Do your assets exceed £325,000?
Historically, relatively few estates attracted Inheritance Tax (IHT) but this has changed radically in recent years because of soaring house prices, particularly in London and the South East. According to recent estimates, this sharp increase in property values and the slower rise in the “Nil Rate” (tax exempt) Band has left around 1.8 million homeowners now vulnerable to IHT.
When you die, your heirs pay 40% IHT on everything you leave above £325,000 (in the current tax year). Married couples (and civil partners) can certainly avoid exposure to IHT on first death as there is no tax liability on assets that pass between spouses or civil partners. However this only delays, not avoids, a tax bill.
A far better option is to consider leaving your Nil rate band to your children (or other beneficiaries) in order not to waste that exemption on your death.

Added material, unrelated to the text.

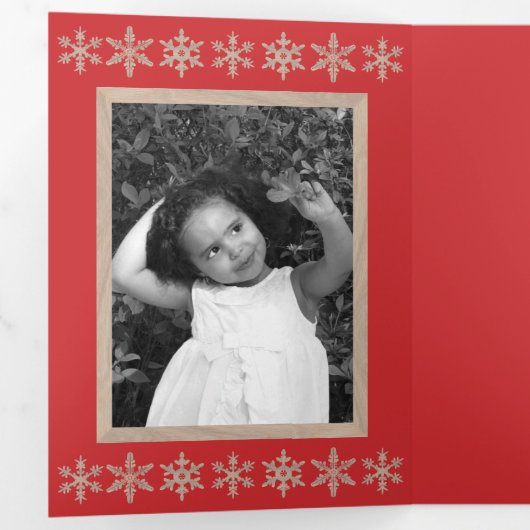 赤いモダン雪素朴片コラージュ5枚の写真 三つ折りクリスマスカード (内部最初)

This is accomplished by special wording within your Will which can also ensure that your surviving spouse or partner can access the funds placed in trust. Your spouse or partner will then have a further exemption on their death, thereby doubling the tax free allowance available to set against any IHT bill at second death.
Whilst, in principle, the ‘Combined Married Person’s Allowance’ – if still available in the future – would achieve much the same result and even, in some circumstances, an even greater tax saving, (assuming the tax exempt rate is raised again as promised), its terms are far less flexible and discourage, for example, prior lifetime gifts. An additional advantage of the Nil Rate Band Discretionary Trust strategy is that it provides a framework to ensure that any intended beneficiaries will receive their due inheritance, irrespective of subsequent changes in circumstances and legislation. In any event, if it is clear at second death, that the individual circumstances of the case mean that it would be more tax efficient to set aside the NRB Trust, the Executors are empowered to do so.